Pendant les animations du festival « Littérature au centre », une conférence a été présentée dans le but de parler de la science-fiction : « Quand la fiction joue avec les sciences ». Pour l’occasion, Daniel Suchet, maître de conférences au département de physique de l’École Polytechnique de Paris, et Laurent Genefort, écrivain, sont intervenus pour montrer que la science et la fiction peuvent « jouer » entre elles.
La science qui sert la fiction
Le sujet qui est souvent exploité dans les histoires de fiction, ce sont les questionnements sur les nouvelles énergies, ou des nouveaux matériaux (l’Adamantium et le Vibranium dans Marvel par exemple). Il y a donc une science qui est mise en place pour mieux comprendre un univers fictif. Dans l’ouvrage « Temps Ultra-moderne » de Laurent Genefort, la matière de Kavorite est créée, une matière qui annule la gravité, ce qui sert dans l’intrigue de l’histoire. Les propriétés de la gravité sont annulées, elle est vue comme une particularité atomique (comme d’après Newton). Il explique le fonctionnement de cette matière avec les connaissances de l’époque de l’histoire (le XXe siècle) à travers un dialogue.
Parfois, la science est exploitée, mais est modifiée ou mal interprétée, pour servir la fiction. C’est le cas du film Interstellar de Christopher Nolan. Il semble se perdre et se mélanger dans la science, d’après l’astrophysicien Franck Selsis. Et ce, alors que Kip Thorne, qui a obtenu un prix Nobel de physique en 2017, a travaillé sur le film. On peut alors se dire que l’idée n’était pas nécessairement de faire un film réaliste. Le but était plutôt d’explorer des théories sur l’espace et le temps.
La science du « vrai monde » sert de base aux histoires fictives. Elle sert à créer un monde fictif cohérent avec ce que l’on connaît.
Depuis quelques années, pour Daniel Suchet, le paradigme de la science-fiction a changé. Elle n’interroge plus les nouvelles énergies. Mais, comme dans Dune de Frank Herbert, c’est la gestion des énergies qui est questionnée. Cela fait écho au monde dans lequel on vit.
La fiction sert la science
Daniel Suchet décrit la fiction comme une expérience, une exploration du « Et si ? ».

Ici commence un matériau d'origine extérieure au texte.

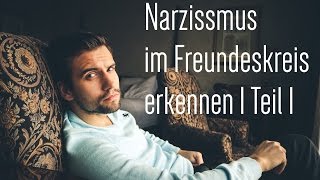 Narzissmus im Freundeskreis erkennen Teil 1 [upl. by Felecia]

Dans la conférence, qui a suivi, « Pluralité des mondes : dialogues entre science et science-fiction », Franck Selsis, disait avoir travaillé sur un projet afin de voir si Pandora existait vraiment (c’est la lune où se déroule le film Avatar de James Cameron) dans notre univers. Mais malheureusement non ! En se basant sur les données du film, il n’y a pas de planète, pas de lune et pas d’étoiles à là où devrait se trouver Pandora. Néanmoins, cette expérience a poussé à sonder une zone jusqu’alors inexplorée de l’espace. Cet exemple montre l’influence de la fiction sur la science dans le monde réel.
La science-fiction peut être vue comme un outil de médiation, car elle fait « goûter » à la science, par la partie des recherches et des théories. Et non pas par la partie « science consolidée », qui est la partie de la science qui est vérifiée et testée. « La science, c’est l’imagination, dans une camisole très serrée » pour Franck Selsis. Cette dernière, couplée à la fiction, nourrit l’imaginaire et peut parfois être forte de solutions pour les chercheurs. Comme générer des réflexions sur le fonctionnement d’un sabre-laser, ou la création d’hologrammes à la manière de Star Wars.
Dans d’autres histoires, plutôt dystopiques, la science est poussée à son maximum pour imaginer les conséquences de tel ou tel scénario. La série la plus connue dans ce thème est Black Mirror, mais Laurent Genefort a aussi écrit un livre « Opex ».
Le personnage principal est un soldat qui doit réaliser des missions sur différentes planètes. Son esprit doit être téléporté d’un corps à l’autre pour changer d’astre, et ses souvenirs sont effacés à chaque fois. Jusqu’à ce qu’il parvienne à conserver des bribes de sa mémoire d’avant. C’est donc une interrogation du système de téléportation et de conquête spatiale. Il y a également le fait de pouvoir contrôler la mémoire et laver le cerveaux des soldats. Il arrive donc que la fiction nous plonge dans des futurs peu souhaitables.
Un projet pour concilier scientifique et auteurs
Avec le programme « No(s) Culture(s) » (écoutez l’audio) dont fait partie Daniel Suchet, il a été observé qu’il peut y avoir des divergences, voire des conflits, entre auteurs de fictions et scientifiques. Mais il peut aussi y avoir des points de convergence et cela peut très bien fonctionner. Il suffit de trouver un bon équilibre entre l’exploration et la véracité scientifique. Explorer la science sans la dénaturer peut alors permettre de créer de la fiction cohérente. Ainsi, on peut faciliter la médiation vers le grand public.